Date: 20060604
Docket: IMM-3800-05
Citation: 2006 FC 440
Ottawa, Ontario, April 6, 2006
PRESENT:
THE HONOURABLE MR. JUSTICE SHORE
BETWEEN:
MOHAMMAD
REZA ARABALIDOOSTI
Applicant
and
MINISTER OF CITIZENSHIP
AND IMMIGRATION
Respondent
REASONS FOR JUDGMENT AND
JUDGMENT
INTRODUCTION
[1]
Sworn testimony is
presumed to be true in the absence of reasons to doubt the truthfulness of that
testimony (Maldonado
v. Canada (Minister of Employment and Immigration), [1980] 2 FC 302, at
paragraph 5). A Board ought
not to take extreme measures to seek inconsistencies in testimony in order cast doubt on the
credibility of the evidence (Attakora v. Canada (Minister of Employment and
Immigration), [1989] F.C.J. No. 444 (QL)). However, when testimony contains
significant inconsistencies about relevant facts, this will be sufficient to
support an adverse inference concerning the credibility of that testimony (Waheed
v. Canada (Minister of Citizenship and Immigration), 2003 FCT 329, [2003]
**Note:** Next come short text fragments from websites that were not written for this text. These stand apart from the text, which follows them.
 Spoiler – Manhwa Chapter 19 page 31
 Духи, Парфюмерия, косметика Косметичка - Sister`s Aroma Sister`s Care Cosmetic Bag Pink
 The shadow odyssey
F.C.J. No. 466, at paragraphs 39-40).
The panel may consider testimony and documentary
evidence to determine credibility. The panel must also determine the weight it
attributes to documentary evidence.
The Board is entitled to consider the
evidence, testimonial and documentary, as a whole in order to determine its
credibility: Mostajelin v. Canada (Minister of Employment and Immigration),
[1993] F.C.J. No. 28 (F.C.A.) (QL). As discussed above, the Board was within
its rights to make the determination that it did with respect to the credibility
of the applicant. Having done that, the Board was entitled to determine the
probative value that would or would not be given to documents offered in
support of the testimony of the applicant.(Waheed, supra)
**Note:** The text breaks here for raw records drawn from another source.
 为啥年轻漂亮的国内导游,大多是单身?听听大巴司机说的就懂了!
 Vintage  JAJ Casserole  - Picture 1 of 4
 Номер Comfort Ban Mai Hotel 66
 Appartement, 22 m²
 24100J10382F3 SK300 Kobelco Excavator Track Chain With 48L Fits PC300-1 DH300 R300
NATURE OF THE JUDICIAL PROCEEDINGS
[2]
This is an
application for judicial review under subsection 72(1) of the Immigration
and Refugee Protection Act, S.C. 2001, c. 27 (Act) of the decision of
the Refugee Protection Division of the Immigration and Refugee Board (Board)
dated May 26, 2005, by which it was decided that the applicant was not a
refugee or a person in need of protection within the meaning of sections 96 and
97 of the Act.
FACTS
[3]
The
applicant, Mohammad Reza Arabalidoosti, is a citizen of Iran. After having
studied in the United States from 1993 to 1997, Mr. Arabalidoosti returned to
Iran and worked for a newspaper by the name of Jame’eh va Daneshgah.
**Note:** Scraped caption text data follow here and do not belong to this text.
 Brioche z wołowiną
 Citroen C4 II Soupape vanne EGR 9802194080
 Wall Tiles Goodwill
From December 1997 to February 2000, he worked for this newspaper as executive
director, writer and head of public relations. He was subsequently the
executive director of another newspaper, called Africa Studies, until he
fled Iran in the summer of 2000.
[4]
Spurred on
by the suicide of a student in Iran, Mr. Arabalidoosti suggested the founding
of a national students’ union with the objective of holding the administration
responsible for its acts and giving rights and powers to the students. Mr.
Arabalisdoosti explained this proposal to Dr. Javid Jasbi, a politician and
member of the newspaper editorial committee, and was criticized for it.
[5]
Shortly
thereafter, Mr. Arabalidoosti noticed that his home was under surveillance. He
therefore left the country for a short period of time, hoping that the
situation would calm down. While he was visiting India for two weeks, a student
revolt took place in Iran, for which a student union was blamed. In addition,
Mr. Arabalidoosti’s picture was published in the newspaper as a leader of the
opposition abroad.
[6]
This
situation left Mr. Arabalidoosti afraid of remaining in Iran, because in
similar cases, Islamic extremists commit assassinations on the basis of the
pictures they see, as they consider these persons to be satanic.
[7]
He
obtained a student visa for the Netherlands and, with the help of his father, a
retired general, Mr. Arabalidoosti succeeded in leaving the country in August
2000. He did not claim refugee status in the Netherlands. In January 2001, he
went to the United States, where he claimed refugee status in September 2001.
His claim for refugee status in the United States was dismissed in September 2003.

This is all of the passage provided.